(Short text fragments from websites)
-*-

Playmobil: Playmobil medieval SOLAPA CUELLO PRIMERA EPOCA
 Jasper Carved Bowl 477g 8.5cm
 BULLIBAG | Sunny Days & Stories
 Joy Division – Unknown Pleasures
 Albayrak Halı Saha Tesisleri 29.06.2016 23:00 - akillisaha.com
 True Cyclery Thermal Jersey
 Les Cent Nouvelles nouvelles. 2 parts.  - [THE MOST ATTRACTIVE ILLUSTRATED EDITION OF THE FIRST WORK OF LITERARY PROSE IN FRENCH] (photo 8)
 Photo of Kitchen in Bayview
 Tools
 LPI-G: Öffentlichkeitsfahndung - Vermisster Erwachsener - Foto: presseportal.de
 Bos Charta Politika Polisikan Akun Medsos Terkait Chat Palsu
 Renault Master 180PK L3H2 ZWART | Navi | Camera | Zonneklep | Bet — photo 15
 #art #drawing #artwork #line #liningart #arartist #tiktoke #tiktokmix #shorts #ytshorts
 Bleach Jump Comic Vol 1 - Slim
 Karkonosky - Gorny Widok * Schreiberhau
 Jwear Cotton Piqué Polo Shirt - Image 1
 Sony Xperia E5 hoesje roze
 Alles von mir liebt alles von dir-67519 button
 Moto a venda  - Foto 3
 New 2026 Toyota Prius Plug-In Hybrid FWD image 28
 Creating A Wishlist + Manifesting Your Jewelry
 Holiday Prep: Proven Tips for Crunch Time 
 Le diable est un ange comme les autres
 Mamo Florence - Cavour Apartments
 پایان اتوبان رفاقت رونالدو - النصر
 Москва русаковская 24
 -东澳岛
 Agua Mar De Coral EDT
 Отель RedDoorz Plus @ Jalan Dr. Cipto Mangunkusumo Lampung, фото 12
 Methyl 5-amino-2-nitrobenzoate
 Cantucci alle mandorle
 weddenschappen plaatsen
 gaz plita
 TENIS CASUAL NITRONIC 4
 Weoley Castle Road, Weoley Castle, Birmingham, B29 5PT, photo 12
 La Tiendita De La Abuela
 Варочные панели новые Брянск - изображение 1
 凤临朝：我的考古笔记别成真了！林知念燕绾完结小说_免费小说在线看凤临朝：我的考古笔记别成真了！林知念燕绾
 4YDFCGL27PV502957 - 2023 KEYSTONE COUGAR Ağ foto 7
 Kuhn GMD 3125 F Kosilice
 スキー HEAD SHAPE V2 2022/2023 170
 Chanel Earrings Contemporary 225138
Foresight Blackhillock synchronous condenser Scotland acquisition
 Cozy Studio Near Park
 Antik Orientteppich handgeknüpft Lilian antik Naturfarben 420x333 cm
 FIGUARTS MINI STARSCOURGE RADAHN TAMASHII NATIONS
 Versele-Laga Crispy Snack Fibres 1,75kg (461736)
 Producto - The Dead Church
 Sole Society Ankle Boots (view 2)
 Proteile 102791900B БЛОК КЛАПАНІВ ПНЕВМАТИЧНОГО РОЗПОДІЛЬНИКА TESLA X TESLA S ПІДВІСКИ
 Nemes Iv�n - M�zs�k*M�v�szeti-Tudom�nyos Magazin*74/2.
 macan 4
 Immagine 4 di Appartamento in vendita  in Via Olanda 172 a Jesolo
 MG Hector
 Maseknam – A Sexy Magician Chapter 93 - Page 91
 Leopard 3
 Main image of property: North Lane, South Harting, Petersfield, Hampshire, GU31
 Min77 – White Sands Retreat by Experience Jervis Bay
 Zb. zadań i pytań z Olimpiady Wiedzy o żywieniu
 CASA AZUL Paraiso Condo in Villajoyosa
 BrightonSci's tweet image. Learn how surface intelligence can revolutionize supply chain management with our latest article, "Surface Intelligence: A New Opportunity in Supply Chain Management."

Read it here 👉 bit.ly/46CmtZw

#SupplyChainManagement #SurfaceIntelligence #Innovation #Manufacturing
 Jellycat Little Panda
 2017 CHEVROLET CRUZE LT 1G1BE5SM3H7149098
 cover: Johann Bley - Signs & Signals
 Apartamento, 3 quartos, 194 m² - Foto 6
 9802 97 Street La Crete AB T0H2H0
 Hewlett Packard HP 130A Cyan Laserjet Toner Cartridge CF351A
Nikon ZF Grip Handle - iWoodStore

-*-

Aim of the task: Your reply should hold only the lines from the first line of the records through the one with "Renault Master 180PK", reproduced word for word.

Task output:
Playmobil: Playmobil medieval SOLAPA CUELLO PRIMERA EPOCA
 Jasper Carved Bowl 477g 8.5cm
 BULLIBAG | Sunny Days & Stories
 Joy Division – Unknown Pleasures
 Albayrak Halı Saha Tesisleri 29.06.2016 23:00 - akillisaha.com
 True Cyclery Thermal Jersey
 Les Cent Nouvelles nouvelles. 2 parts.  - [THE MOST ATTRACTIVE ILLUSTRATED EDITION OF THE FIRST WORK OF LITERARY PROSE IN FRENCH] (photo 8)
 Photo of Kitchen in Bayview
 Tools
 LPI-G: Öffentlichkeitsfahndung - Vermisster Erwachsener - Foto: presseportal.de
 Bos Charta Politika Polisikan Akun Medsos Terkait Chat Palsu
 Renault Master 180PK L3H2 ZWART | Navi | Camera | Zonneklep | Bet — photo 15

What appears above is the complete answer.